▶ **Problem to solve**
Leave the pictures aside and copy all the data exactly.

[Web page caption snippets]
============================================================

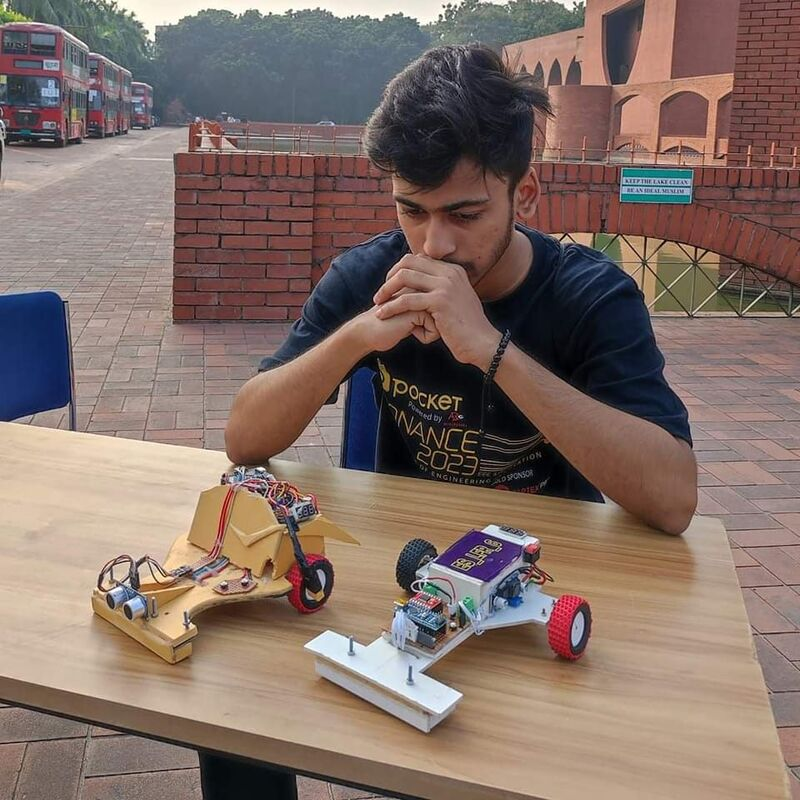 Robotics Competition Prototypes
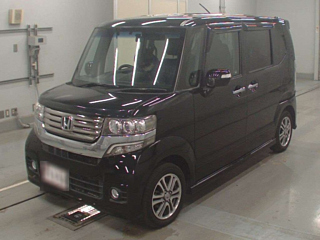 HONDA N BOX PLUS 2012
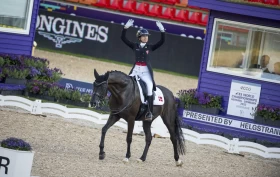 Carina Cassøe Krüth utestengt fra landslaget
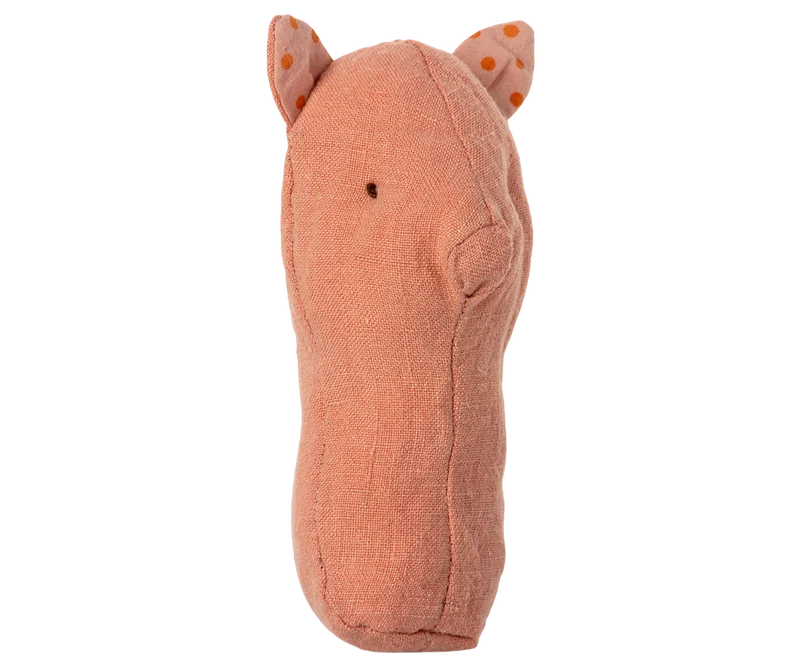 Lullaby Friend Rattles, Piggy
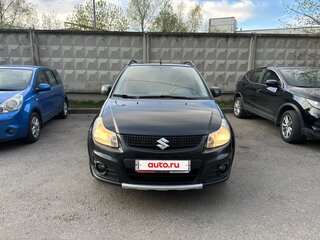 2011 Suzuki SX4 I (Classic) Рестайлинг, чёрный, 1199000 рублей, вид 1
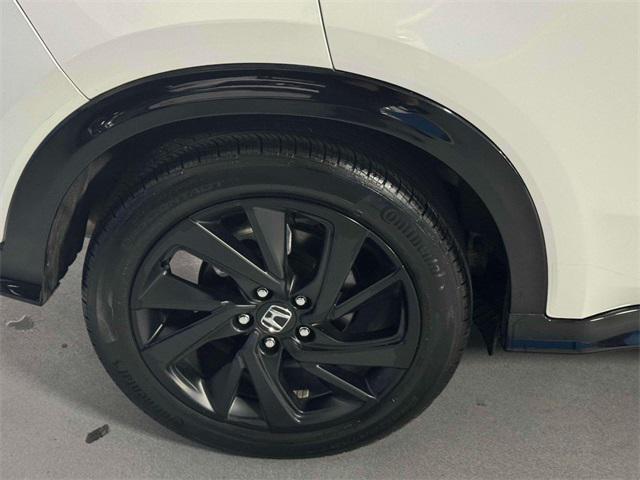 used 2022 Honda HR-V car, priced at $22,217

============================================================

▶ **Output of the task**
 Robotics Competition Prototypes
 HONDA N BOX PLUS 2012
 Carina Cassøe Krüth utestengt fra landslaget
 Lullaby Friend Rattles, Piggy
 2011 Suzuki SX4 I (Classic) Рестайлинг, чёрный, 1199000 рублей, вид 1
 used 2022 Honda HR-V car, priced at $22,217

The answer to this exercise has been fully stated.